Movie Reviews
Wicked
Only those with an irrational hatred of musical theatre will be immune to this jaunty production's considerable charms.
Wicked (2024)
Few Broadway musicals have the lasting and widespread cultural impact of Wicked. Loosely based on Gregory Maguire’s 1995 novel of the same name, the show functions as a prequel to The Wizard of Oz told from the perspectives of two witches, the one-day Wicked Witch of the West and the future Glinda the Good. With music and lyrics by Stephen Schwartz (stage’s Godspell and Pippin, film’s Pocahontas and Enchanted) and book by Winnie Holzman (creator of TV’s “My So-Called Life”), the musical premiered in San Francisco in 2003 and transitioned to Broadway by year’s end.

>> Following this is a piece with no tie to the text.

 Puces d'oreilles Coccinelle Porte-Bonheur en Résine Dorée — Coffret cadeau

If, like me, you’ve not seen the show on stage, you’ve still likely become familiar with its story and music second-hand, from covers on “Glee” and “Saturday Night Live” to plot points of “Ugly Betty” and “Brothers & Sisters” to a Drake song sample to NBC and PBS concert specials. To escape its reach altogether, there is much you would have to have avoided over the past 21 years. Thanksgiving Day parades, commercials, “Billy on the Street”, etc.

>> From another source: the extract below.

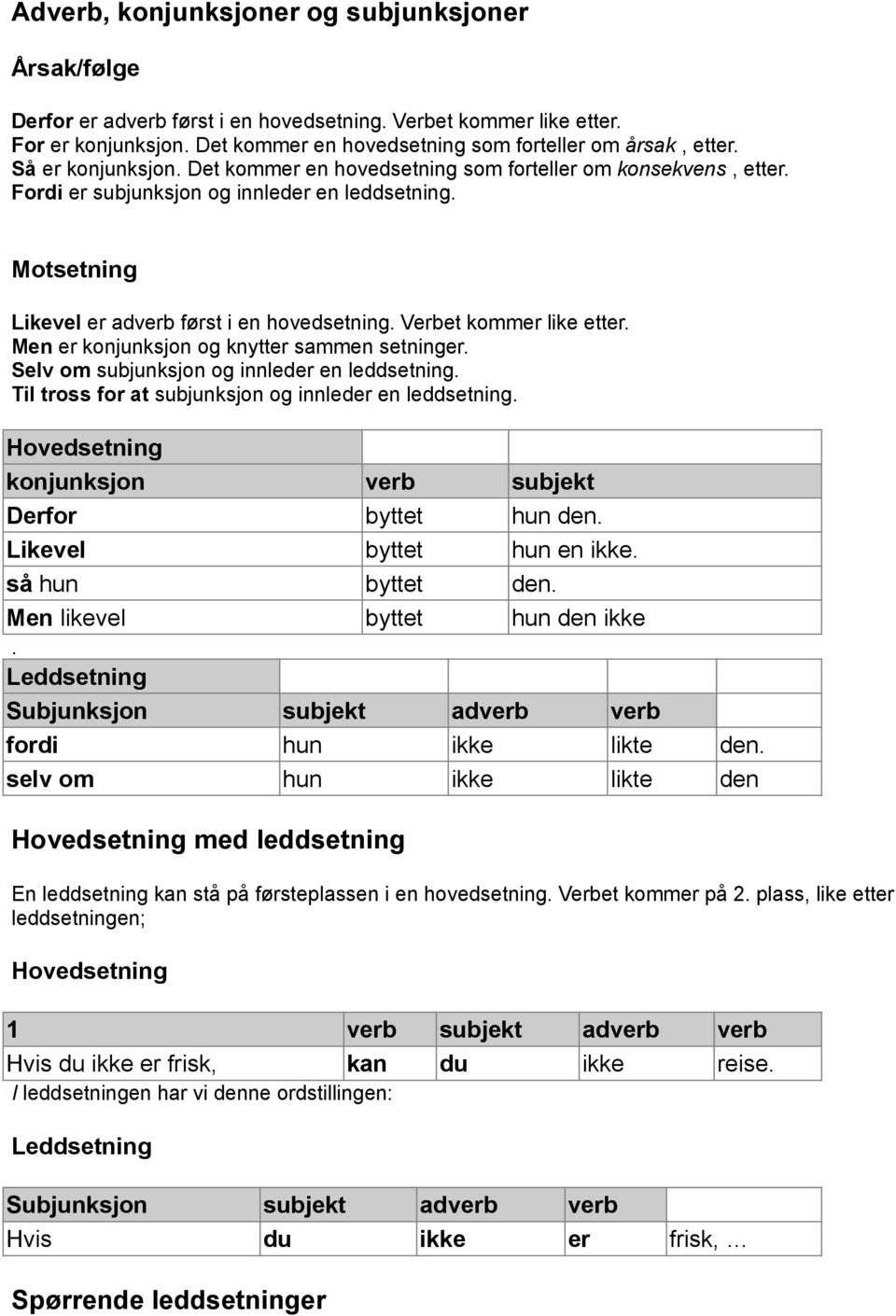 Verbet kommer like etter. Men er konjunksjon og knytter sammen setninger. Selv om subjunksjon og innleder en leddsetning. Til tross for at subjunksjon og innleder en leddsetning.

Considering the popularity, it’s long been a question of “not if, but when” a feature film treatment would ensue. That day has finally come, twelve years after the adaptation was officially announced by Universal Pictures. This movie version of Wicked is for musical theatre kids past and present what 2000s Marvel Cinematic Universe works were for comic book fans: an ambitious transmogrification of something that has inspired countless passions to pop culture’s highest stage.
Longtime fans of the musical have reason to be protective of their favorite and skeptical of the film adaptation, which hails from director Jon M. Chu (Crazy Rich Asians, In the Heights), stars Cynthia Erivo and Ariana Grande in the lead roles, and only adapts the first act of the stage production, with Wicked Part Two to follow a year from now. Despite that approach, a tact employed and then seemingly regretted during the 2010s last lap of the YA blockbuster boom, this first Wicked feels sufficiently self-contained and epic, running a staggering but fast-moving 160 minutes.
The film opens with the death of the Wicked Witch of the West, something that was celebrated at the end of The Wizard of Oz, one of the first and still most beloved of blockbuster film musicals. In the world of Wicked, the literally bubbly and self-involved Glinda (Grande) is asked if she knew the Wicked Witch, prompting the beloved pink-clad good witch to reflect on their time together at Shiz University.
Elphaba (Erivo) arrives at the school as an instant outcast, her unusual green skin inviting all kinds of gossip and grousing. But with her powers and poise, the freshman witch catches the eye of the school’s headmistress Madame Morrible (Michelle Yeoh), who assigns her to room in the remote private tower of the fellow incoming freshman then called Galinda, a head-turning diva trying her hardest to impress Morrible.
With their opposite upbringings and vibes, Elphaba and Galinda clash, but their relationship and priorities evolve, until both end up heading to see the great and powerful Oz (Jeff Goldblum), a grandiose figure and iconic location with which the film ends on a mild cliffhanger.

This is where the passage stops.